**Provided records:**
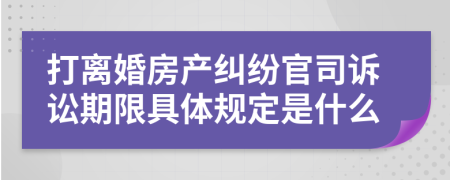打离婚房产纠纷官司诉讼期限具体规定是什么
==
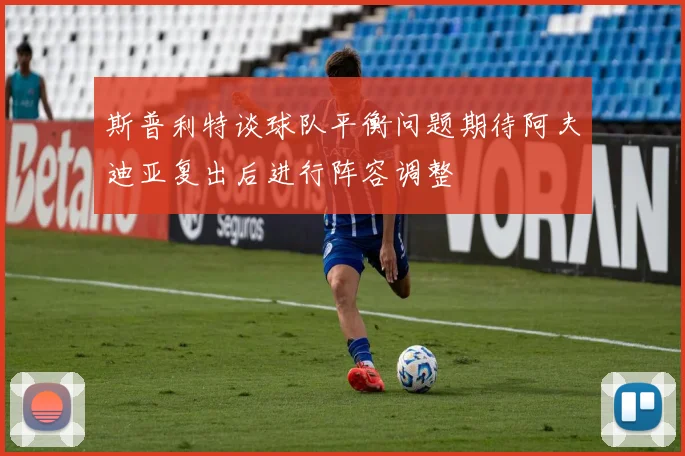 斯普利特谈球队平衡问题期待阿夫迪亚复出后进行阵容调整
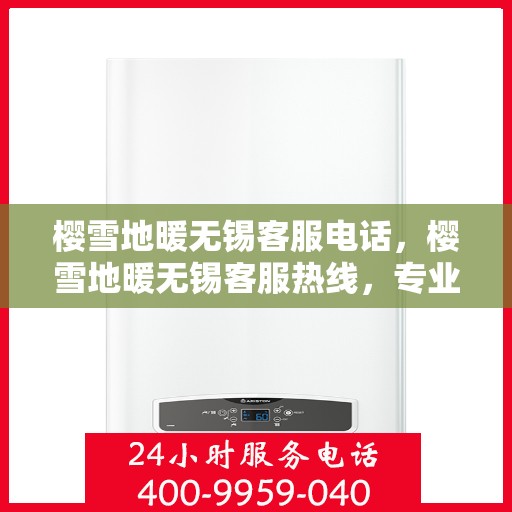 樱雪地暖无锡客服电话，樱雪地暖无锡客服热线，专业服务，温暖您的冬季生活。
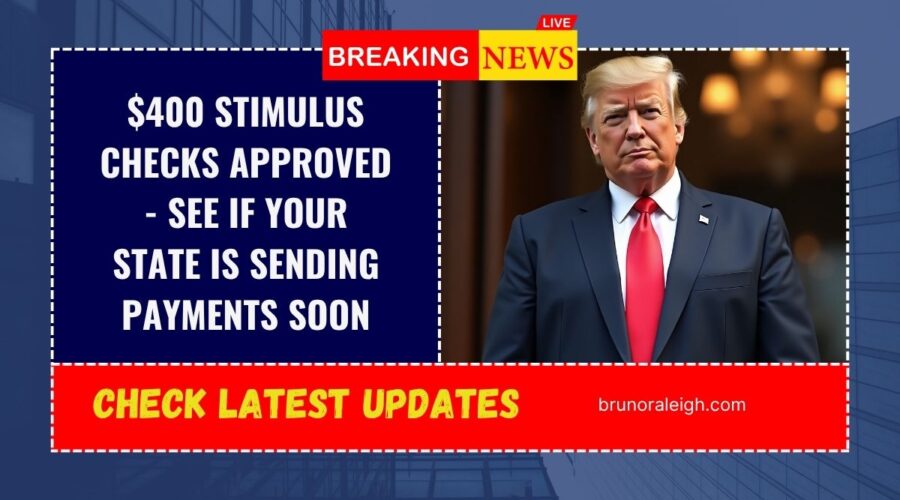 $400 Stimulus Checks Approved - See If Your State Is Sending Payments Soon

**What the exercise asks:**
For this exercise, transcribe exactly the part of the records above that opens with the line containing "樱雪地暖无锡客服电话，樱雪地暖无锡客服热线，专业服务，温暖您的冬季生活。" and closes with the one containing "Sending Payments Soon". Pictures are not part of the copy.

**Finished exercise:**
 樱雪地暖无锡客服电话，樱雪地暖无锡客服热线，专业服务，温暖您的冬季生活。
 $400 Stimulus Checks Approved - See If Your State Is Sending Payments Soon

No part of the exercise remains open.